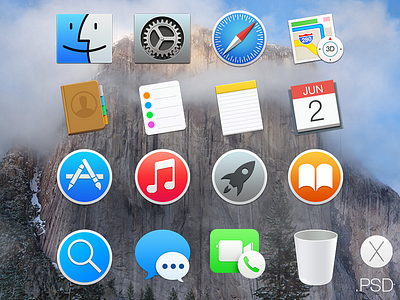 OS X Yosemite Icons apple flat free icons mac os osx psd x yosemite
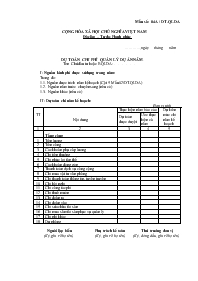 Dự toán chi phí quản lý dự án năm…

┄┄┄┄┄┄

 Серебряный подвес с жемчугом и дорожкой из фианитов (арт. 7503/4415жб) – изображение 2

┄┄┄┄┄┄

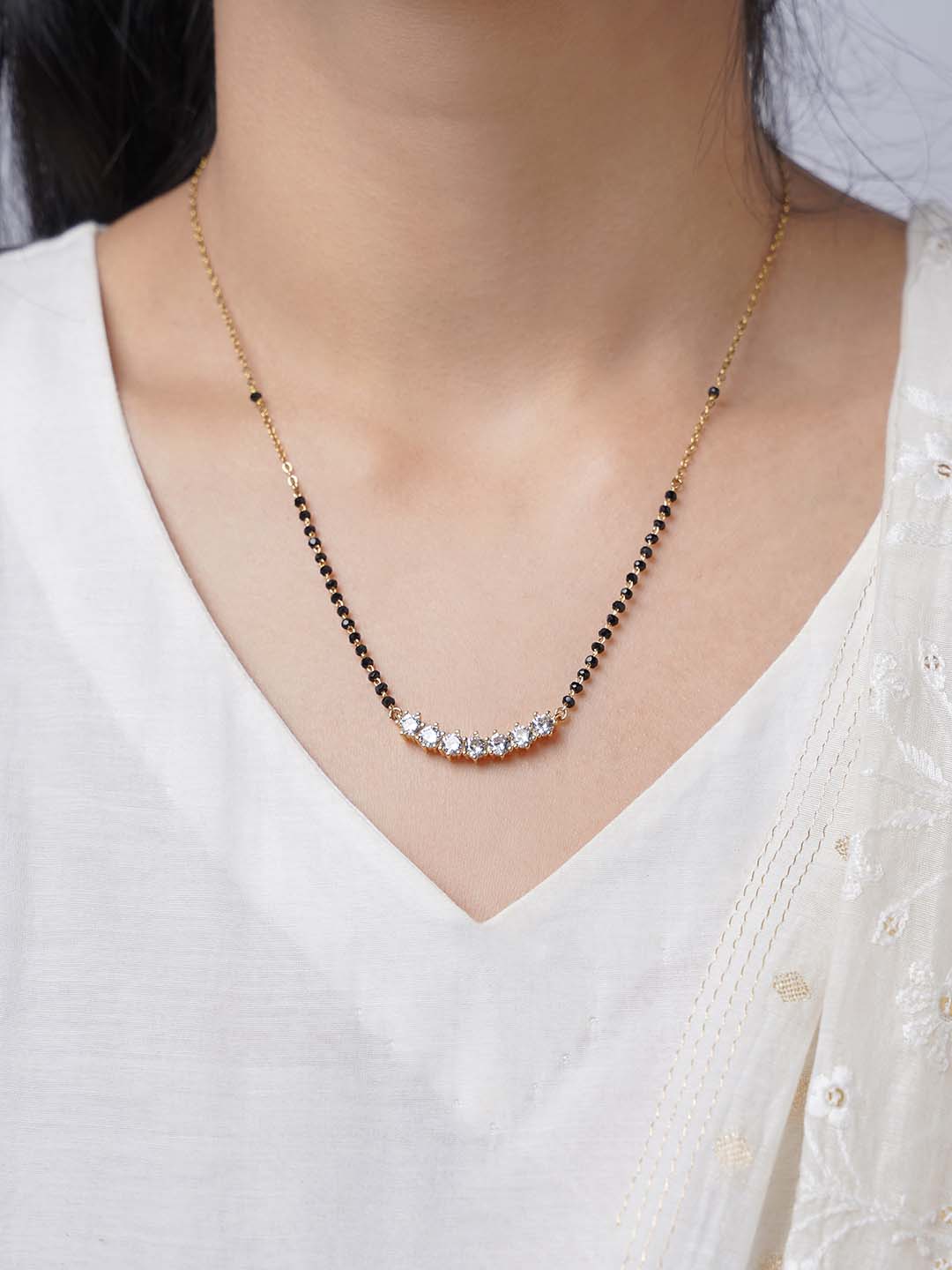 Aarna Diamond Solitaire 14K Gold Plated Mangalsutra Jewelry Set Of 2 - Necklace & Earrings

┄┄┄┄┄┄

▶ _What to produce_: Write out exactly the lines above between the one with "OS X Yosemite" and the one with "Dự toán chi phí quản lý dự án năm…", inclusive, with pictures left out.

▶ _Answer area_:
 OS X Yosemite Icons apple flat free icons mac os osx psd x yosemite
 Dự toán chi phí quản lý dự án năm…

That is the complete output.